Ich glaube, dass das Licht immer noch ein ziemlich gutes Mittel ist, auf Dinge aufmerksam zu machen. Wir sind ja durch die Aufklärung, durch den Übertritt vom Dunklen ins Helle, noch immer mit Wissens- und Erkenntnisgewinn verbunden. Schon vor Kant. Aber Kant hat es formuliert, dass alles, was sozusagen in uns Erkenntnis erzeugt, es wert ist, dass wir uns damit auseinandersetzen. Hier haben wir eine offene Situation. Ich mache ein Angebot. Das Museum ist Partner, die Stadt ist Partner. Wir werden sehen, was passiert. Ich glaube, dass das Licht ein guter Begleiter ist, denn es zeigt ja auch in der Nacht, dass an diesem Ort eine Frage immer wach bleibt.
Aber ist Partizipation nicht das Ende der Kunst?
Dazu wird es eine Tagung im Duisburger Lehmbruck Museum geben, wo ich ja mit der New Pott-Präsentation nochmal andocke. Wo auch die Diskussion darum nicht aufhört. Ich glaube, dass Partizipation immer da ein Mittel ist, wo es nicht um über die Sachen sprechen geht, sondern darum, mit den Menschen zu sprechen, mit denen ins Gespräch kommen. Das ist nicht immer richtig und ich habe einen großen Respekt vor einer reinen künstlerischen Setzung, die sozusagen darauf zielt, in der Ausformulierung, in einer Skulptur sozusagen einen Maßstab vorzugeben, und dann müssen die anderen damit klarkommen. Hier gibt es eine erste Formulierung, und an der Ausformulierung setzt das Partizipatorische an. Leute werden ja nicht eingeladen, den Schriftzug zu machen oder eingeladen, Baudelaire-Texte zu assoziieren.
Würde das Kunstwerk als Kunstwerk auch ohne Partizipation funktionieren?

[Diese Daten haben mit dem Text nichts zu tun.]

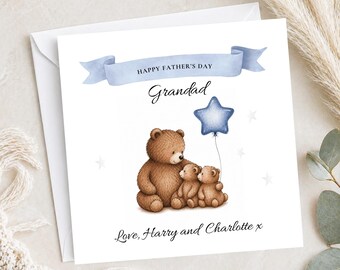 Personalised Father's Day Card for Grandad | Teddy Bears from Children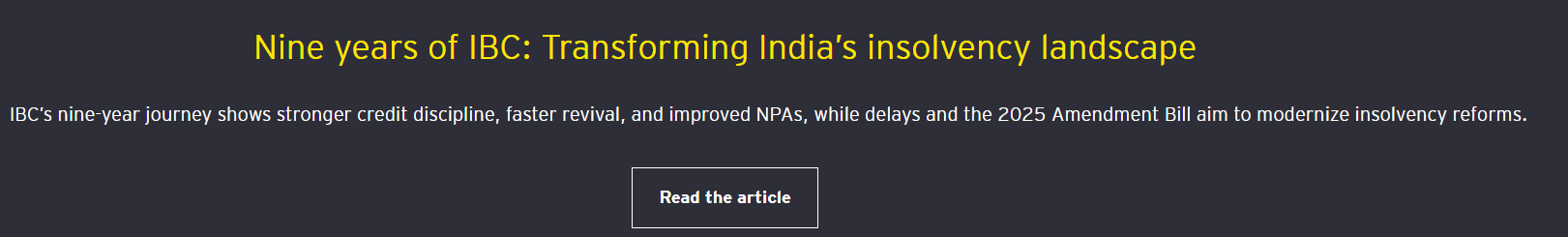Nine year IBC insolvency impact  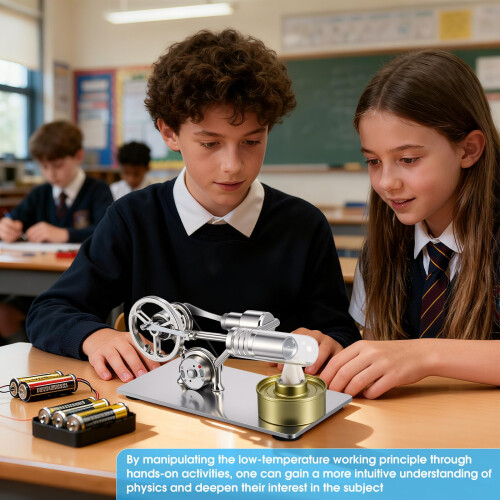 Low Temp Stirling Engine, DIY Motor Model Kit, Heat Powered Engine with Metal Construction, Educational Science Experiment Model for Students & Adults 2
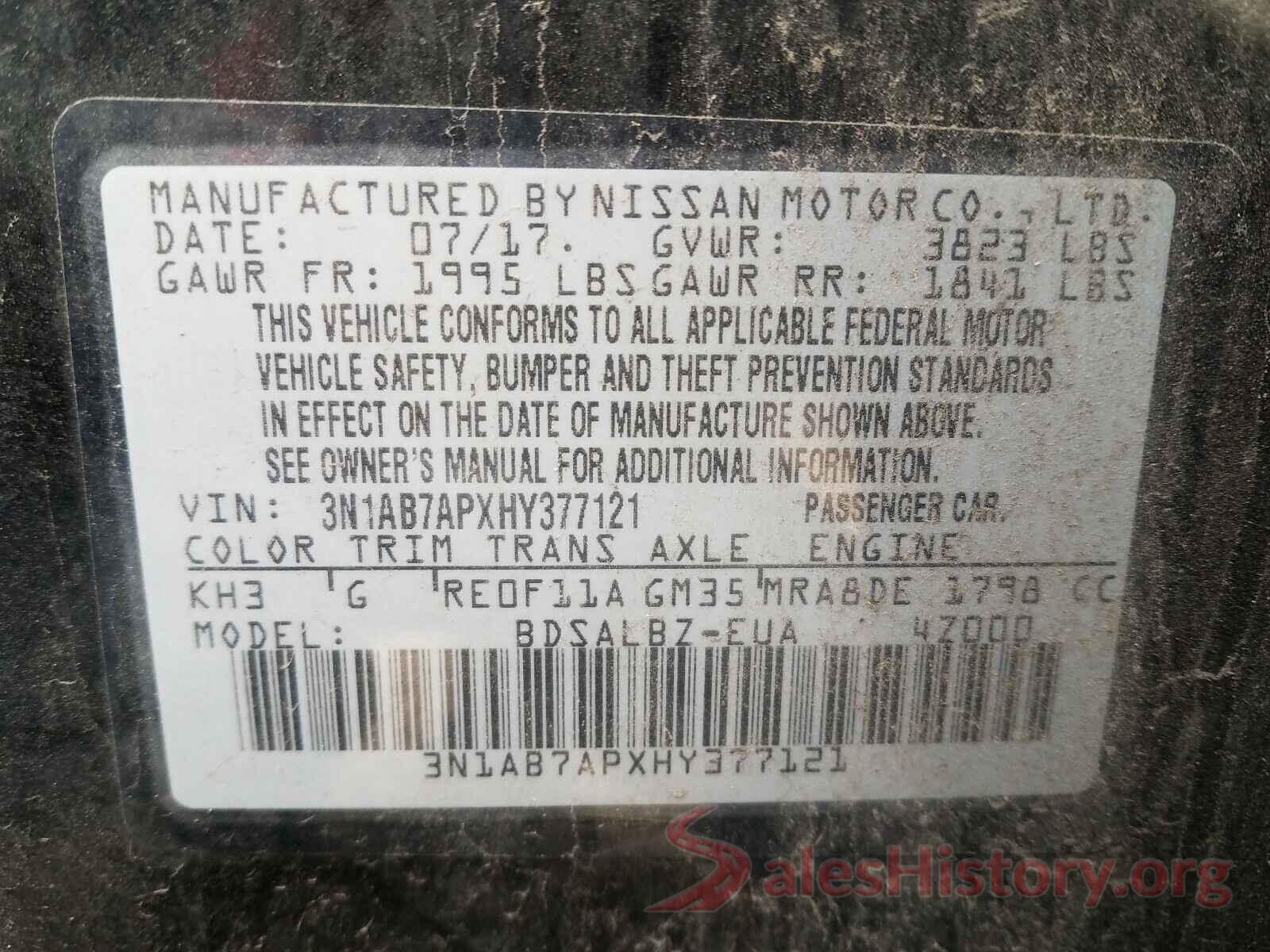 3N1AB7APXHY377121 2017 NISSAN SENTRA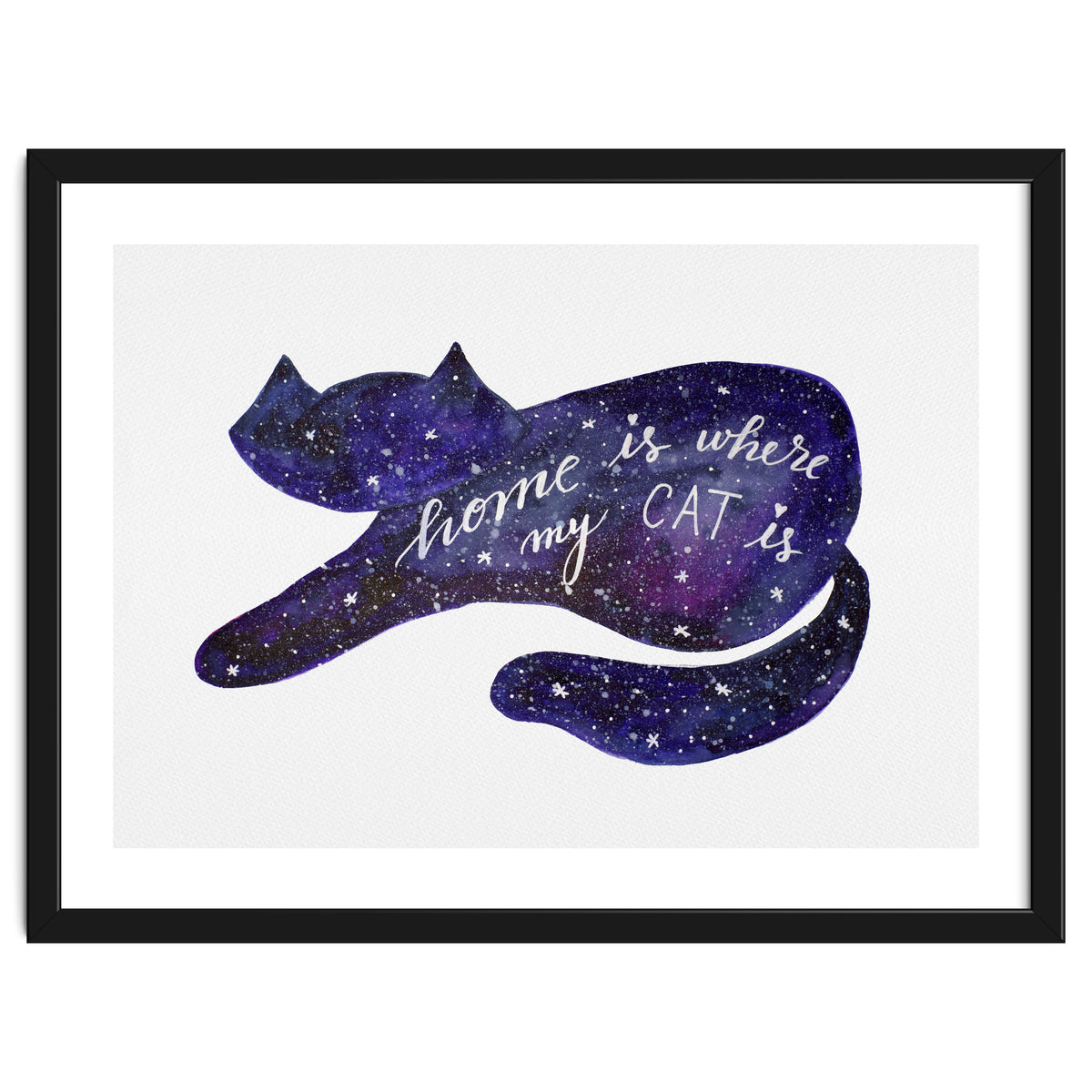 Watercolor galaxy cat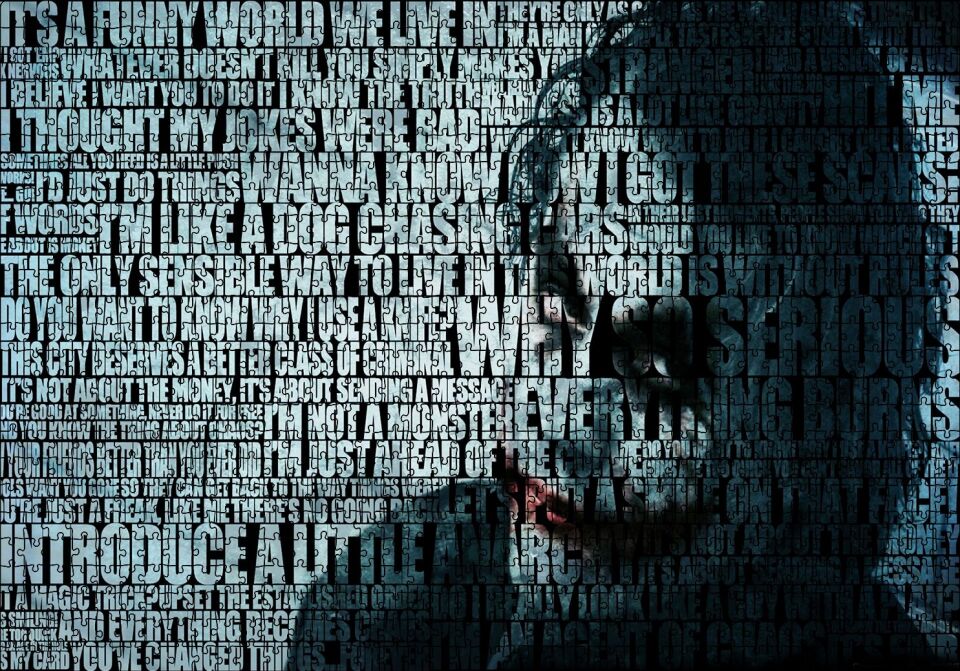 Joker Yüzü ve Replikleri Puzzle Yapboz MDF Ahşap 1000 Parça 49 cm X 68 cm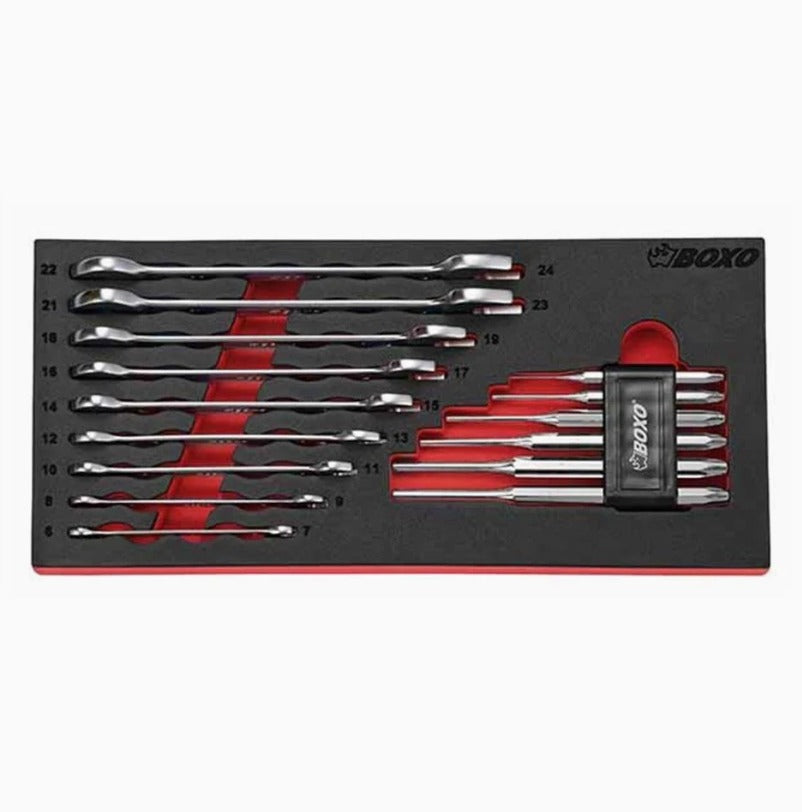 15 Pcs - Metric Double Open End Wrench & Pin Punch Set, 1/3 System Insert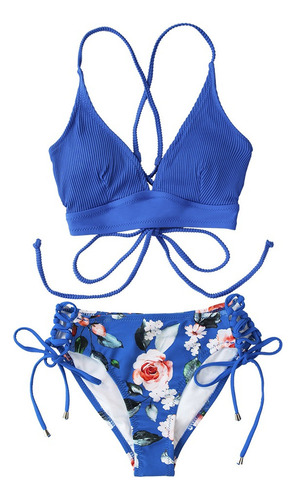 Conjunto De Bikini De Cintura Media Verde Y Floral Cupshe Ba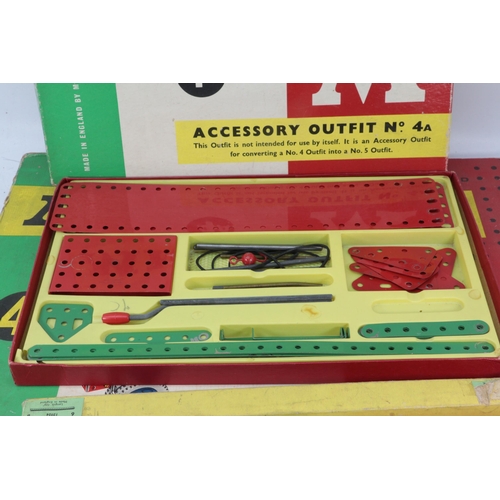 413 - Vintage Meccano sets 4, 4a and 5a and pack 6 no8, all in original boxes, check for completeness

Ja, aber dann würde man sehen, dass die Vase leer bleibt. Dann wäre das eine Skulptur, die immer davon spricht, dass sie eigentlich ein Gefäß ist, in das etwas hineingelegt werden könnte. Aber vielleicht wird auch etwas hineingelegt, was gar nichts mit Blumen zu tun hat. Das wäre wie die Diskussion darüber, ob das Ganze überhaupt sinnhaftig ist oder nicht. Das gehört für mich auch mit dazu.
Warum dann Sprache, Schrift?
Weil Sprache in unserer Gesellschaft dafür steht, dass wir uns mit etwas gerne, intensiv oder kontrovers auseinandersetzen. Dann benutzen wir diese Kodierung, um uns Ausdruck zu verleihen. So teilen wir uns mit. In Marl ist das Französische nicht zuhause, es gibt dazu keinen Bezug, anders als in Düsseldorf oder Köln, wo Napoleon mal durchgezogen ist. All diese Verbindungen gibt es hier nicht, und deswegen ist Marl so frei davon, und deshalb kann man genau diesen Sprachsatz mit der Assonanz von „mal“ mal eben benutzen. Aber wie ich schon sagte, „mal du pays“wäre in dem Fall das Heimweh, die Sehnsucht und auf der anderen Seite ist es der Ausdruck von dem Bösen. In dem französischen Begriff „mal“ steckt eben die Sehnsucht und das Böse.
Und es hätte keinen Sinn gemacht, jetzt bei „mal“ noch ein „r“ einzufügen?
Das denken die Leute hier sowieso mit.
Mischa Kuball – „Les Fleurs du Mal“ (Blumen für Marl) | Rathaus Marl, bis Ende 2014
Mischa Kuball – „NEW POTT – Neue Heimat im Revier” | Lehmbruck Museum Duisburg | bis 11.5.